■ AVAILABLE DATA:
--------------------------------------------------
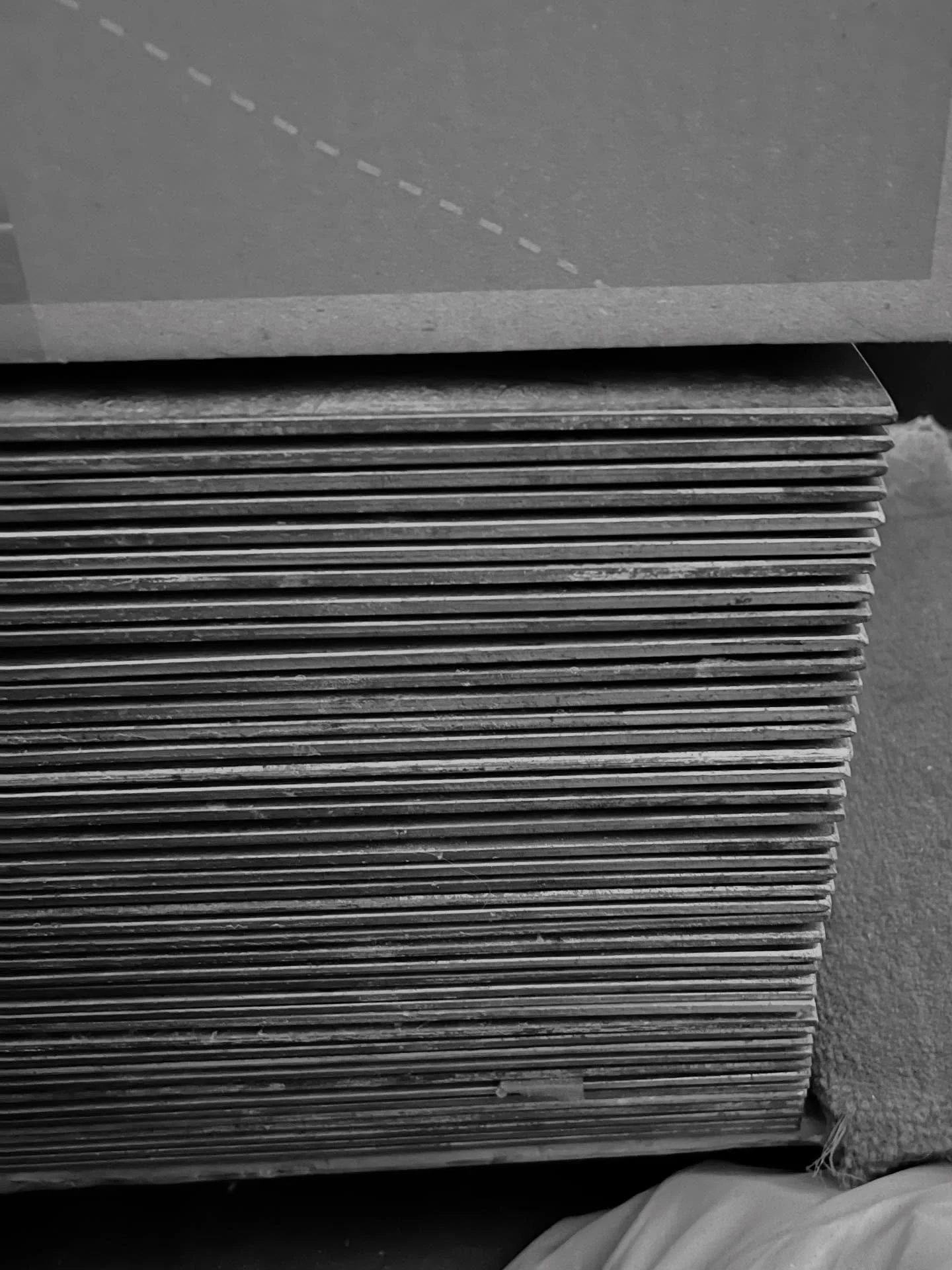 Stackable bases for easy transport of 420ft of pipe and base equipment.
We provide pipe and drape equipment for fabric installation projects of all sizes. 
#pipeanddrape #eventprofs #eventpros #eventdesign #eventrentals #eventdecor #losangeles #WeAre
--------------------------------------------------
■ PROBLEM: Write the lines above out again exactly, excluding every picture.

■ RESULT OF THIS EXERCISE:
 Stackable bases for easy transport of 420ft of pipe and base equipment.
We provide pipe and drape equipment for fabric installation projects of all sizes. 
#pipeanddrape #eventprofs #eventpros #eventdesign #eventrentals #eventdecor #losangeles #WeAre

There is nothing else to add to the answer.